# Radiação solar



## luisfranco (13 Set 2010 às 19:01)

Boa tarde
Não sei se é o sitio para fazer esta pergunta mas gostaria que alguém me esclarecesse esta dúvida. Estou neste momento a começar a fazer uma tese sobre solar térmico e precisava de saber se é possível obter a radiação solar ao nível do solo. E queria saber se há este valor para os vários dias do ano. E onde posso consultar estes valores...
Cumprimentos 
Luís Franco


----------



## AnDré (13 Set 2010 às 20:35)

luisfranco disse:


> Boa tarde
> Não sei se é o sitio para fazer esta pergunta mas gostaria que alguém me esclarecesse esta dúvida. Estou neste momento a começar a fazer uma tese sobre solar térmico e precisava de saber se é possível obter a radiação solar ao nível do solo. E queria saber se há este valor para os vários dias do ano. E onde posso consultar estes valores...
> Cumprimentos
> Luís Franco



Em W/m^2?

Como por exemplo, isto:
Estação da Moita (Hotspot)
(ver solar radiation)


----------



## luisfranco (14 Set 2010 às 09:51)

Exactamente isso.
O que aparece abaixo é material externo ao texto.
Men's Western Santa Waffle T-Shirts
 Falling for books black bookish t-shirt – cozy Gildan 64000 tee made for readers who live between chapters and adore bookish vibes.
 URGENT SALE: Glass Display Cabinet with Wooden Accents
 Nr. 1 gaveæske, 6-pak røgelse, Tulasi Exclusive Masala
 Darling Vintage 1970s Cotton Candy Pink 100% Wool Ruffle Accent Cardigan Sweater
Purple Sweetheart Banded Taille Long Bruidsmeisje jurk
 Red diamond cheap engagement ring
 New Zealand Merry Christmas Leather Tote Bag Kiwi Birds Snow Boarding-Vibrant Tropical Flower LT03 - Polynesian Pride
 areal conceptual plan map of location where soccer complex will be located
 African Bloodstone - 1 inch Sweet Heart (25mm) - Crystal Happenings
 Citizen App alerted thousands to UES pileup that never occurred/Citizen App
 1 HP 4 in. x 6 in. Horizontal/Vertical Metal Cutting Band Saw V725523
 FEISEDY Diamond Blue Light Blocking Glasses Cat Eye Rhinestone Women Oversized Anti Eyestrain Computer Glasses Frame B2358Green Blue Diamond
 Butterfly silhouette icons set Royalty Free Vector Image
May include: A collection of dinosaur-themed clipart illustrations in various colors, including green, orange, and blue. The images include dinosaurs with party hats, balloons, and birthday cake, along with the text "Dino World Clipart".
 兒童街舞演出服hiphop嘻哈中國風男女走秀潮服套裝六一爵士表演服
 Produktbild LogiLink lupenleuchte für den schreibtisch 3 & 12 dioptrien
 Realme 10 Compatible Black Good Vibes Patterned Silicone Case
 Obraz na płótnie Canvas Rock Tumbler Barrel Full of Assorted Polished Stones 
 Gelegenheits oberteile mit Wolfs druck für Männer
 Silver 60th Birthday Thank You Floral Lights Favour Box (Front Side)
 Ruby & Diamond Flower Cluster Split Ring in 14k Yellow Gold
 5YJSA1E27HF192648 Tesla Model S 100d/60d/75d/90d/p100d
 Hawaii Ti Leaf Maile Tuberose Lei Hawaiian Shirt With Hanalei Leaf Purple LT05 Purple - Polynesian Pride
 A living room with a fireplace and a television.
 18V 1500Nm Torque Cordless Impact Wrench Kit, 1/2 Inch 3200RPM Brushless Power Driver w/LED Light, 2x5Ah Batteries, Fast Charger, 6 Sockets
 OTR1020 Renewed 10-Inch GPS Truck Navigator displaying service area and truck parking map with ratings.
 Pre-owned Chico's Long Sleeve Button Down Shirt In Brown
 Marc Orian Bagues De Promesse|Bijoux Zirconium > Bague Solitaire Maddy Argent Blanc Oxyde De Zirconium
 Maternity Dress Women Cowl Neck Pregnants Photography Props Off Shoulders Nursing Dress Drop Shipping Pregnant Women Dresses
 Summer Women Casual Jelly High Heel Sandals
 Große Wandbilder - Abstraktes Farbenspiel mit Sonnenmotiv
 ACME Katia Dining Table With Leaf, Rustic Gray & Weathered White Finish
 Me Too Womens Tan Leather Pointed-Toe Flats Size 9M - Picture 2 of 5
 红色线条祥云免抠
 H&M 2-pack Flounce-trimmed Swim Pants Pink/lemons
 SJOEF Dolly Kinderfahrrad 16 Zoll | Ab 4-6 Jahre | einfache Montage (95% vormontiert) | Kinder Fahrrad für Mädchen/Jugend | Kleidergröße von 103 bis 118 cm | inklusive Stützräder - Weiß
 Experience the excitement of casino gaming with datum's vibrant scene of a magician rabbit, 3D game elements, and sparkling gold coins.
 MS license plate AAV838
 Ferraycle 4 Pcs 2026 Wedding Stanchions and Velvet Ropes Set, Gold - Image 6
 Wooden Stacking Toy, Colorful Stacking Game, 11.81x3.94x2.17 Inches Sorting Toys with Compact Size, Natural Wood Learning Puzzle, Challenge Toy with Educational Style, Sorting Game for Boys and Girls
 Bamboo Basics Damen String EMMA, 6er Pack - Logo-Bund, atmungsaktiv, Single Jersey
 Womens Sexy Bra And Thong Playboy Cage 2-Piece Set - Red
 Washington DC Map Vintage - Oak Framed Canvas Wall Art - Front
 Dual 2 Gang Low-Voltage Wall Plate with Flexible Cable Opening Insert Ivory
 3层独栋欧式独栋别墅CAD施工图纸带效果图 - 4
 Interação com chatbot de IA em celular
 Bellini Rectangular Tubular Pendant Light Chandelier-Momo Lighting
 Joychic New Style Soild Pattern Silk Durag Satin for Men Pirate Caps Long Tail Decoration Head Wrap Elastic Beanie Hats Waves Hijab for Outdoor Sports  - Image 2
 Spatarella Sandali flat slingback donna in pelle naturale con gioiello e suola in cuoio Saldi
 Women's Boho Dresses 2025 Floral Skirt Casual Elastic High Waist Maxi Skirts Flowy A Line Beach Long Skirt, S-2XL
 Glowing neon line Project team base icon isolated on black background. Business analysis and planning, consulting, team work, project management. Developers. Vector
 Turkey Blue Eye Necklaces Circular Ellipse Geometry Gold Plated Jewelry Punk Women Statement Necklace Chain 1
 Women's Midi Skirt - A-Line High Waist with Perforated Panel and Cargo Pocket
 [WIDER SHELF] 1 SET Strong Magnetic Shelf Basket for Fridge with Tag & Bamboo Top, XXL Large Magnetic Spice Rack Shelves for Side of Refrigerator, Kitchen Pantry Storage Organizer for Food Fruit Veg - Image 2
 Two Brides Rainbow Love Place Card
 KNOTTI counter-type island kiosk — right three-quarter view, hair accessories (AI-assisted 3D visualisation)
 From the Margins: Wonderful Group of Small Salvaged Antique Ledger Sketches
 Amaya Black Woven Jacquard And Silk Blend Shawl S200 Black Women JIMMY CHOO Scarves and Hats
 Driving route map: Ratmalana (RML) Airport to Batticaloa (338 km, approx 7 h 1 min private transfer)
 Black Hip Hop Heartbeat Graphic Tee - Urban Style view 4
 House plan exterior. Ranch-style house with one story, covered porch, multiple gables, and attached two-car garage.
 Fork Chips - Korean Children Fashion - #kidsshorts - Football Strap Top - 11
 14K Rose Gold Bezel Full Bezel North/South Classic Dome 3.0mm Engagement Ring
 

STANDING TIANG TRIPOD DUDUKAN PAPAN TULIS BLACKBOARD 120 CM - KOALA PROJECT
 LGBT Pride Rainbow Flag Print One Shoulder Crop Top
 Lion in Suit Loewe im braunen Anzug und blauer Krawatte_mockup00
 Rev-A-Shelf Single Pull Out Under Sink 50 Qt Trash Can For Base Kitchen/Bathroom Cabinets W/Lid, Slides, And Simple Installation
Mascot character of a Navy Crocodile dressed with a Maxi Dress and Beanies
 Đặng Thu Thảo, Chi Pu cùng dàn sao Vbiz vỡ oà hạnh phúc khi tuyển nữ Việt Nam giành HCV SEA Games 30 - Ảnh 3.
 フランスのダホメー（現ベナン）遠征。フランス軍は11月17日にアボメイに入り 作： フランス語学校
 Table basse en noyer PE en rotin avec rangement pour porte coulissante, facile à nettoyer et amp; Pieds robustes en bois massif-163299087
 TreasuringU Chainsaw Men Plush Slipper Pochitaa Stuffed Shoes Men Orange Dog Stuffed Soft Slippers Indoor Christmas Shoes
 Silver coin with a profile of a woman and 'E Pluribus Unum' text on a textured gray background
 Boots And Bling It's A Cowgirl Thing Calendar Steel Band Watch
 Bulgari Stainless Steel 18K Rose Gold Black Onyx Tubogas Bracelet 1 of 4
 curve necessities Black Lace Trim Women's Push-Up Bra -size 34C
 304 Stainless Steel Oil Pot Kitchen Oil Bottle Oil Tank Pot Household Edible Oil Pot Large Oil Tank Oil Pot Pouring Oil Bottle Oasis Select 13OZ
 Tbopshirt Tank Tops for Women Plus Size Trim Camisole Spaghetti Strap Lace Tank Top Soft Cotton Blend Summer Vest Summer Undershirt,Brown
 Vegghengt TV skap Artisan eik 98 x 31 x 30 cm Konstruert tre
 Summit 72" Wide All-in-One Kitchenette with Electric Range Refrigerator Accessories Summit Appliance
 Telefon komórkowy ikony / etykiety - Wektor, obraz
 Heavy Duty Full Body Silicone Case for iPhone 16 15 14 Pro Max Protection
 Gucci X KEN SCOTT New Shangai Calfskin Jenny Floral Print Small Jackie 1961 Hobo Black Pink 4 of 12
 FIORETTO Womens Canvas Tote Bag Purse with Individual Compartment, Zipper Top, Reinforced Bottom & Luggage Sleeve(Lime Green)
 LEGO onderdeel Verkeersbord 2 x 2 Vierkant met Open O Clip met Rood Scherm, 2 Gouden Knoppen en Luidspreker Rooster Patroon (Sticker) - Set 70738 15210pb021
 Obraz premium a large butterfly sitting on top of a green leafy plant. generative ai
Agora queria esses dados na zona do carregado. E se há ja registos dos 365 de um ano. 
Obrigado Cumprimentos


----------



## AnDré (14 Set 2010 às 11:48)

luisfranco disse:


> Exactamente isso. Agora queria esses dados na zona do carregado. E se há ja registos dos 365 de um ano.
> Obrigado Cumprimentos



Há uma estação amadora em Benavente.


----------